And just like that, here it is, courtesy of the Bloomberg propaganda rag, the Murdoch Street Post:
Mayor Bloomberg yesterday revived his push to scrap the "last in, first out" law after proposing to lay off 4,100 teachers in his executive budget plan.
LIFO job protections must be replaced with a merit-based system in order to keep the best teachers regardless of seniority, the mayor said, adding, "We need it -- and we need it right now -- because of layoffs."
And so he threw down the gauntlet to the city's delegation of state lawmakers to pass LIFO reform.
If the city is forced to do layoffs strictly through seniority, "the greatest carnage will be" in elementary schools in the poorest neighborhoods, those with the neediest students, he predicted.
Those schools would be disproportionately impacted because they have the highest number of recently hired teachers, he said, warning Albany that ending LIFO "should be [its] No. 1 priority."
But the teachers union said the mayor was simply crying wolf. His threat to lay off thousands of teachers comes amid hundreds of millions of dollars in new revenues to the city, an admitted surplus exceeding $3.2 billion, and an increase in state aid this year, said UFT President Mike Mulgew.
And then of course out of the woodwork comes the Hedge Fundies For Education Reform to shill for the mayor and "reform":
Gov. Cuomo and state Assembly Democrats have agreed with the UFT by refusing to touch LIFO. Only state Senate Republicans have voted to change the controversial law.
Yet one school-advocacy group says Albany should be siding with the kids, not the union.

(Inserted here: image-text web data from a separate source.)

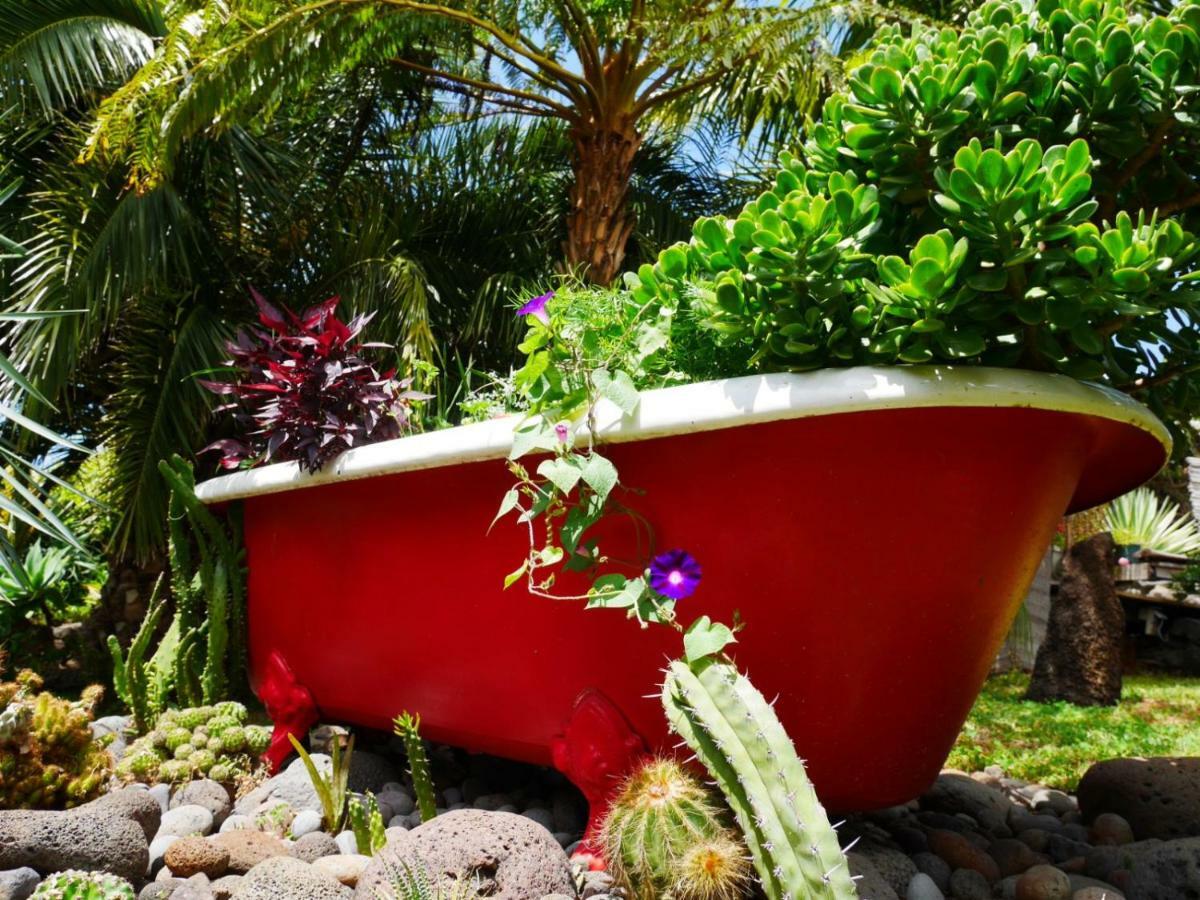 Casas Serenas Estreito Da Calheta Zewnętrze zdjęcie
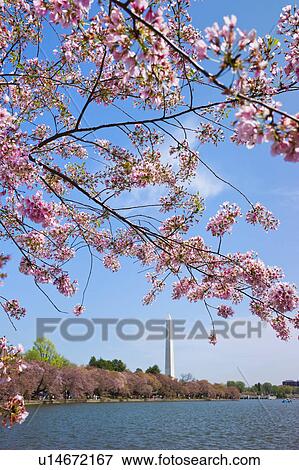 Stock Photo - Cherry blossoms in front of Washington monument. Fotosearch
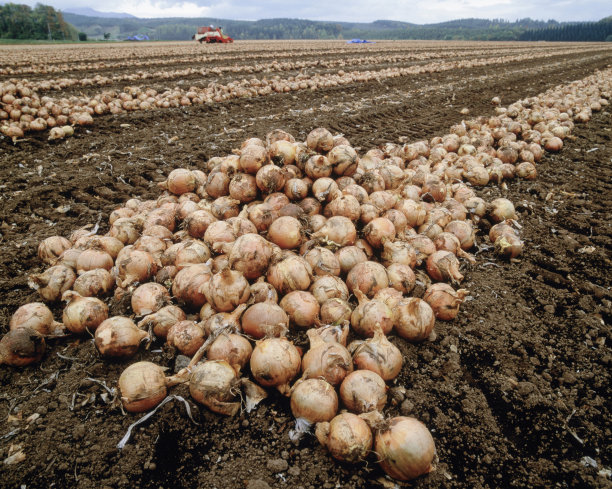 onions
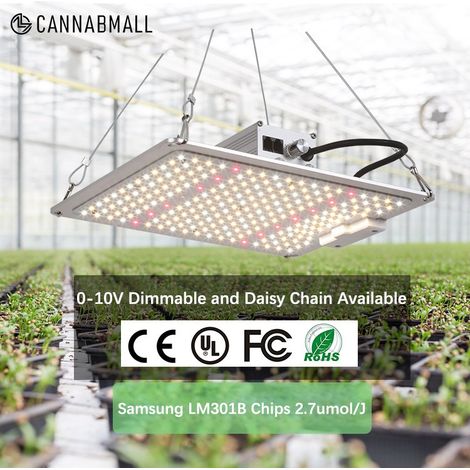 Lampe de Culture LED 100W Spectre Complet – Éclairage Plantes Intérieur Haute Intensité PPFD, Intensité Réglable, Étanche IP65, Pour Semis, Légumes et Floraison (1/5)
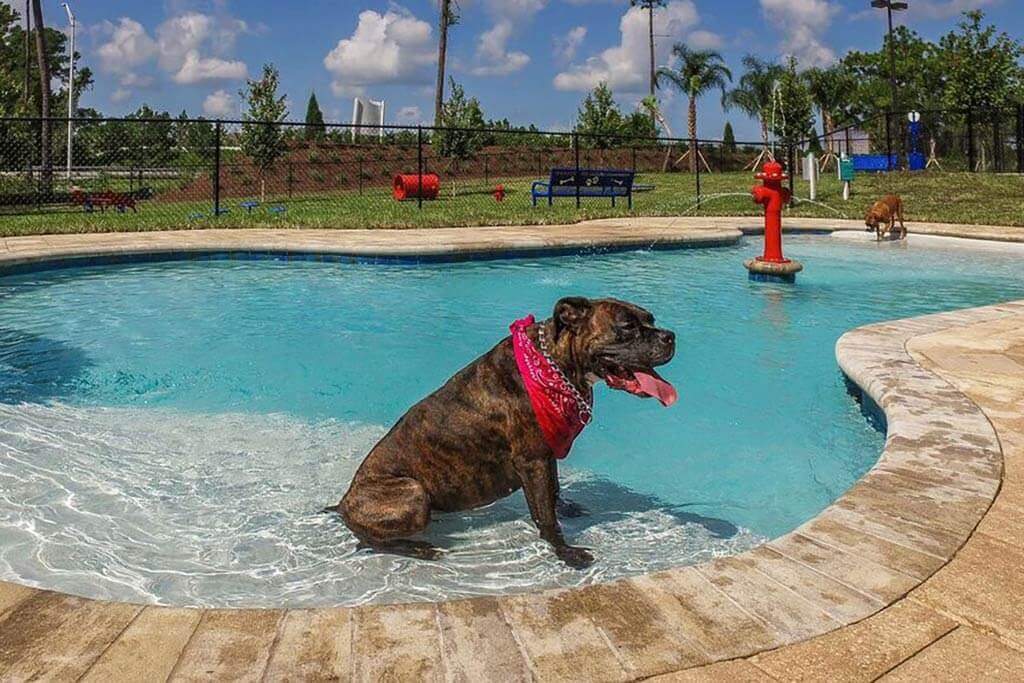 Luxury Apartments in Bartram Park at Palm Bay Club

"It's time for state leaders to act to end the practice of LIFO, and help ensure that the best teachers stay in the classroom during this difficult time," said Joe Williams, of Education Reform Now.
"That's what reform means -- giving the taxpayers more for their money, in this case, the best teachers we have.
"The ball is now in Albany's court."
That's what "reform" means, Joe?
Lately "reform", at least in education circles, has meant top-down, corporate-driven changes that benefit for-profit school operators, test prep companies, and other education management organizations.
In the case of ending LIFO, "reform" means allowing the mayor to fire any teacher he wants any time he wants regardless of merit.
That's where the hedge fundies, the education "reformers" and Mayor Bloomberg want to take this.
This fight has NEVER been about keeping the "best" teachers in classrooms.
It has been about keeping the "cheapest" teachers in classrooms, while replacing as many teachers with computers as they possibility can.
This fight has been about labor costs.
And that's what's going on now.
That is why the mayor has slated $550 million for technology spending in the NYC public school system next year, but cut $300 million from teacher salaries at the same time.
That is why the mayor is renewing the Wireless Generation "School of One" contract for $4.5 million for the next three years.
That's why he is laying off 4,278 teachers but bringing in tons of new computers (and spending hundreds of millions on outside computer consultant contracts in the bargain.)
Bloomberg wants children sitting in front of computers and just enough cheap newbie teachers around to handle the classroom management and paperwork.
He believes the future of education lies in the computer, lies in technology, not in humanity, not in people.
He believes in "virtual" education rather than "authentic" interactions between "real" people.
And this fundamental shift in education isn't just taking place here in NYC.
It's happening all across the country courtesy of the Obama administration and their corporate funders.
That's why you see the Gates Foundation and Pearson Education putting in place national tests and a national curriculum that will all be computer-based.
That's why you see the Obama administration both spearheading this increased technological spending in education and cheering it.
Replace people with computers, hand out no-bid computer technology contracts by the score, make sure all these computer education programs have to be run on Microsoft, bust the teachers union's power by breaking seniority rules, give districts the ability to fire any teacher they want any time they want and head in to that BRAVE NEW WORLD.
That's what "reform" means these days, Hedge Fundie Shill Joe.
And that's what the mayor is attempting to do here with this layoff push.
Corporate reform cannot be completed so long as a reasonably strong union and reasonably strong work protections for teachers remain.
So the corporate reformers intend to end both of those.
And take us into that BRAVE NEW WORLD.